J. K. Rowling a déclenché une nouvelle polémique en visant publiquement Emma Watson, quelques jours après que l’actrice ait réaffirmé son soutien aux personnes trans. L’autrice d’Harry Potter accuse l’actrice d’être « ignorante de la vie réelle », relançant la controverse autour de ses prises de position hostiles à la reconnaissance des personnes trans.
Emma Watson pensait avoir trouvé le ton juste pour parler de J. K. Rowling. Invitée fin septembre dans le podcast On Purpose, l’actrice a expliqué qu’elle pouvait « être en désaccord avec J. K. Rowling » tout en « continuant à chérir l’œuvre et le monde qu’elle a créés ». Elle a surtout rappelé que « les personnes trans méritent de vivre sans peur et d’être traitées avec dignité ».
La réponse de la romancière n’a pas tardé sur X (ex-Twitter). « Comme d’autres personnes qui n’ont jamais connu la vie adulte sans être protégées par la richesse et la célébrité, Emma a si peu d’expérience de la vie réelle qu’elle ignore à quel point elle est ignorante », a écrit l’autrice. Dans un second message, elle juge « facile de prêcher gentillesse et acceptation quand on est multimillionnaire et éloigné des femmes dont les espaces et les droits sont érodés ».
Ces propos s’inscrivent dans un tournant engagé depuis 2020. Après un tweet ironisant sur l’expression inclusive « les personnes qui ont leurs règles », J.K Rowling a publié un long essai affirmant que l’auto-identification de genre mettrait en danger la sécurité des femmes. Elle s’est opposée au projet de loi écossais qui voulait simplifier le changement d’état civil et a soutenu la LGB Alliance, organisation accusée par les associations LGBTQI+ de diffuser des positions transphobes. Plusieurs chercheuses décrivent de quelle manière ces récits transforment la reconnaissance des droits trans en intention hostile dirigée contre les femmes.

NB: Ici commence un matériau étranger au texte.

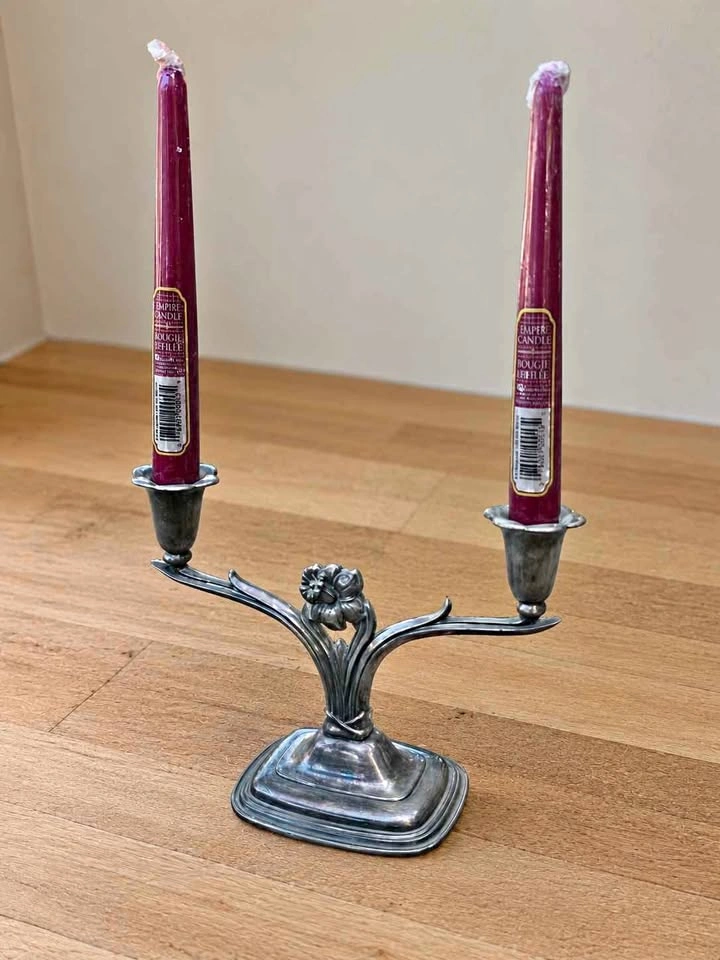 1847 Rogers Bros Daffodil Silverplate Candelabra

Comme le résume Susan Stryker, « cette théorie du complot selon laquelle l’“idéologie du genre” serait imposée par des personnes trans malveillantes pour nuire aux femmes et aux filles n’a aucun fondement dans la réalité, et pourtant l’existence de ce fantasme produit des effets matériels ».
Une peur démentie par les faits
L’argument central de J.K. Rowling consiste à présenter l’accès des femmes trans aux espaces réservés — vestiaires, refuges, prisons — comme une menace pour la sécurité des femmes cisgenres. Cette conviction irrigue ses prises de parole depuis 2020, notamment dans l’essai publié sur son site personnel et repris par The Guardian. Pourtant, les données contredisent ce scénario. Selon l’ONG britannique Stonewall, aucune hausse de violences n’a été constatée dans les refuges ou vestiaires accueillant des femmes trans. Les principales associations féministes du pays, telles que Women’s Aid et Refuge, rappellent qu’elles les accueillent depuis des années sans incident documenté.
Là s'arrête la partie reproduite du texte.